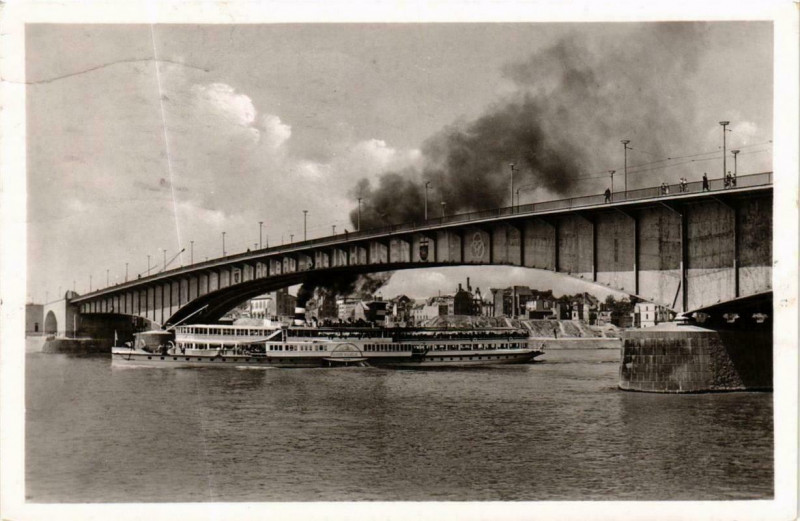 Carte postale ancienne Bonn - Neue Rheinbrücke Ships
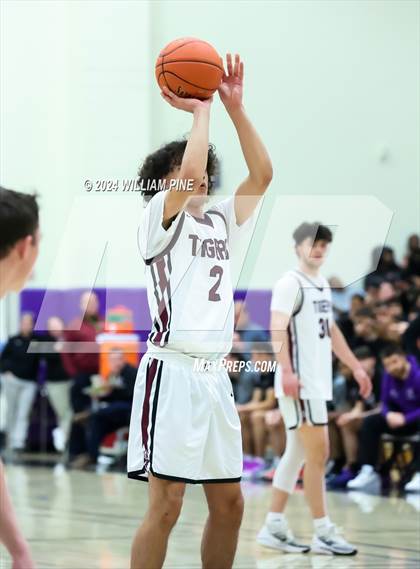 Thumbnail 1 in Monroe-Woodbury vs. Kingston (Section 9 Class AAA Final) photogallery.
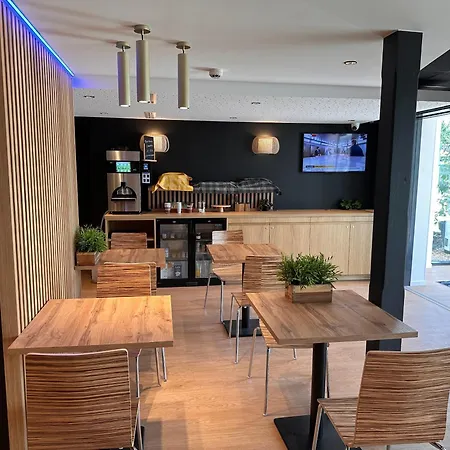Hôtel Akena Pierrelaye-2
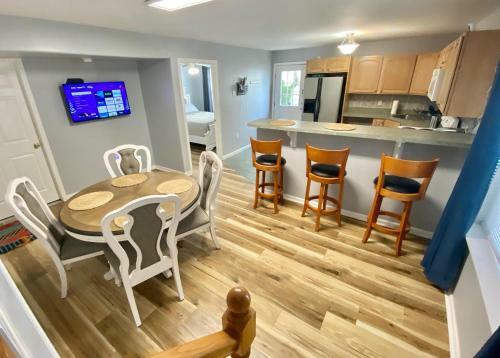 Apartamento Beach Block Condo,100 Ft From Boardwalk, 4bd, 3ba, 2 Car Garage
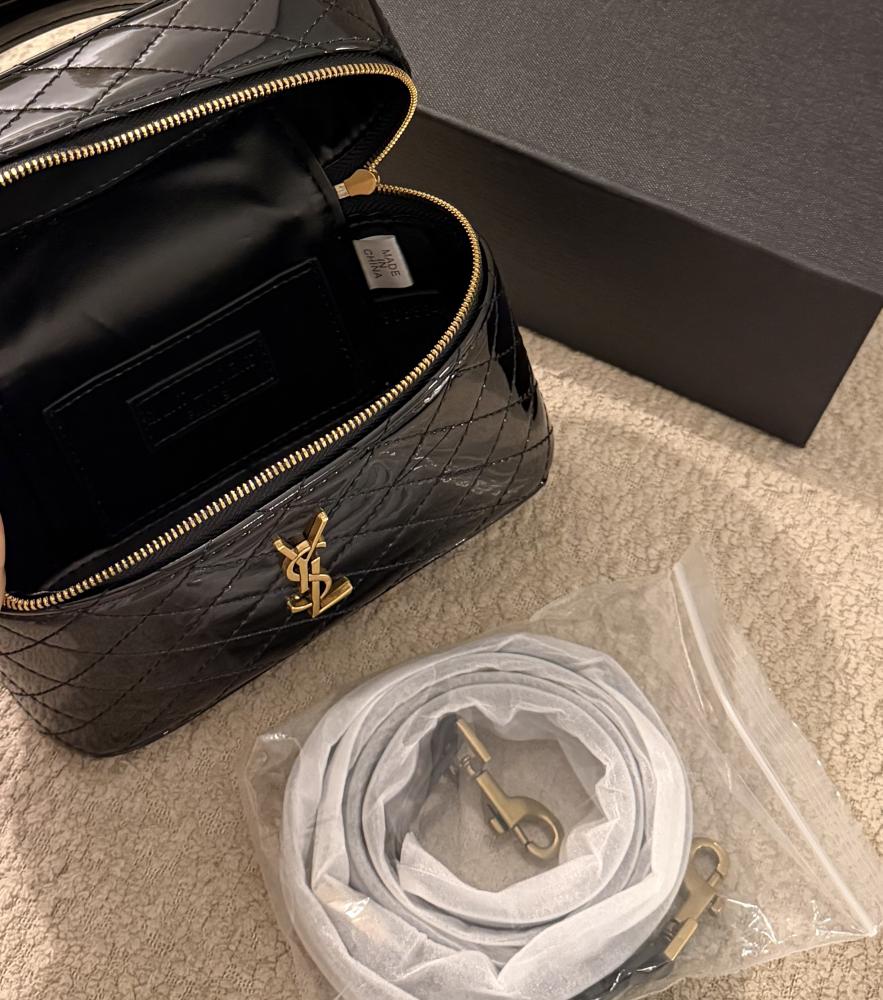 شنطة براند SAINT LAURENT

...

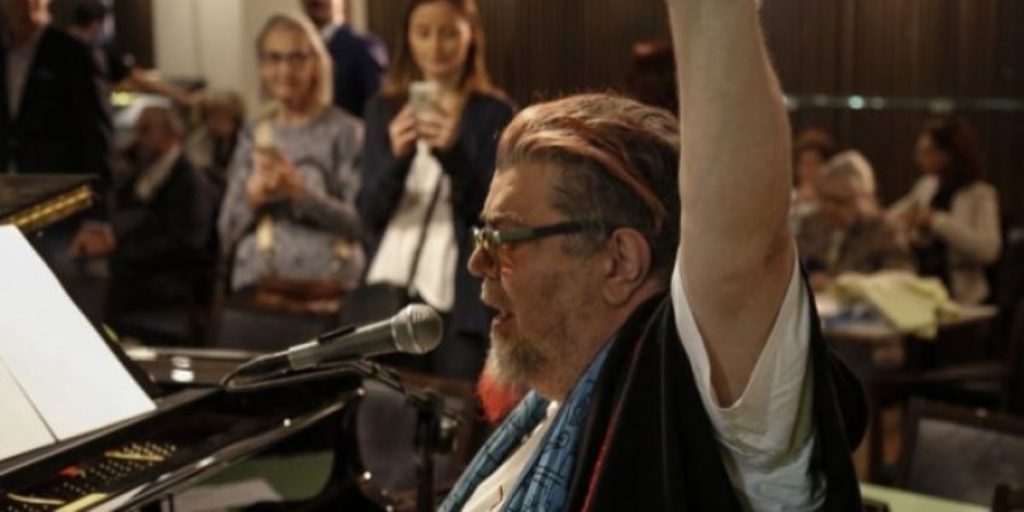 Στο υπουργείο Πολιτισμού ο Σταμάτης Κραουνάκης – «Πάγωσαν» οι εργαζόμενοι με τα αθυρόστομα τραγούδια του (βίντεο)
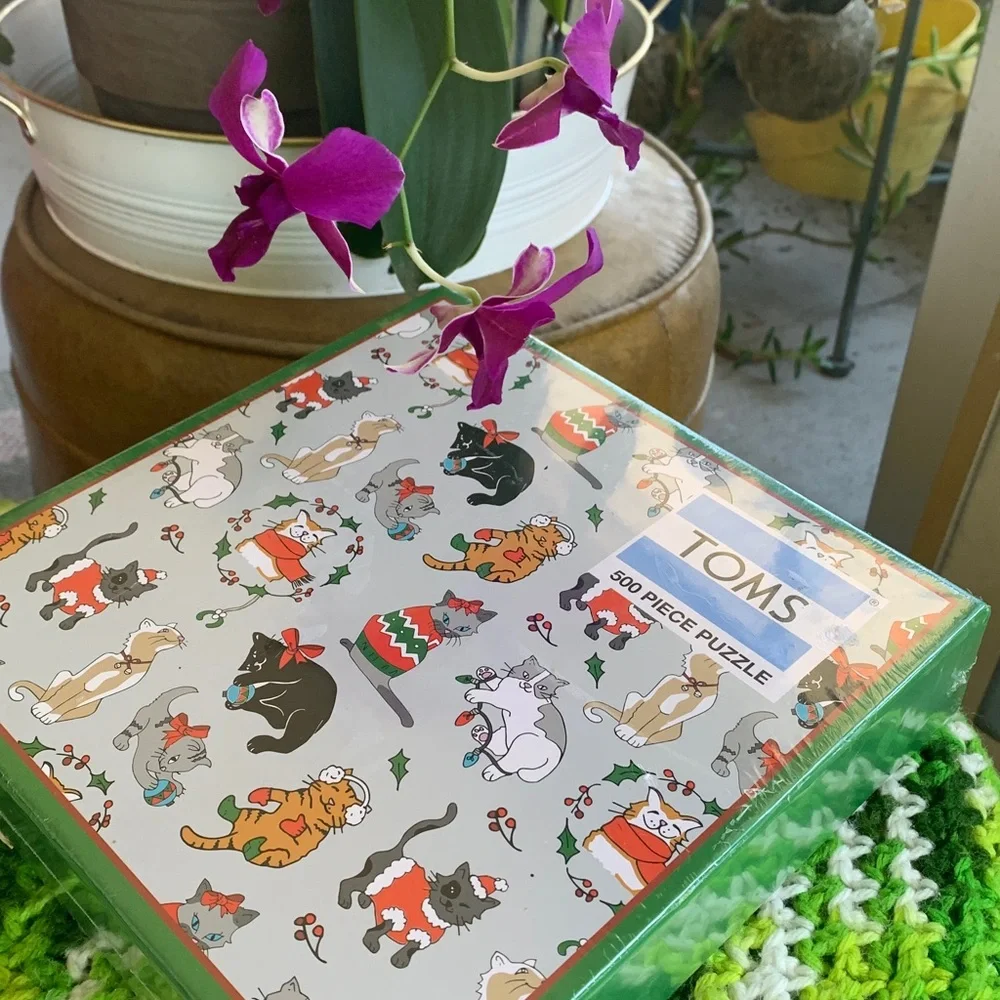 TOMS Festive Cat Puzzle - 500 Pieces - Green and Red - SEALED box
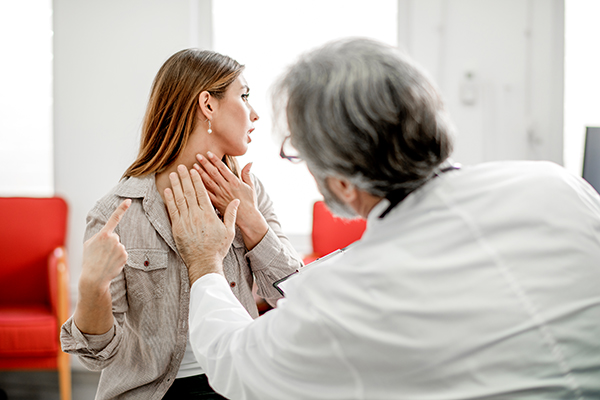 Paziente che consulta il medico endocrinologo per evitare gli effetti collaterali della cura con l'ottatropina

• DIRECTIONS
Write out exactly the run of lines above that starts at the line containing "TOMS Festive Cat" and ends at the line containing "Paziente che consulta". Include both, and leave the pictures out.

• SOLUTION TO THIS TASK
 TOMS Festive Cat Puzzle - 500 Pieces - Green and Red - SEALED box
 Paziente che consulta il medico endocrinologo per evitare gli effetti collaterali della cura con l'ottatropina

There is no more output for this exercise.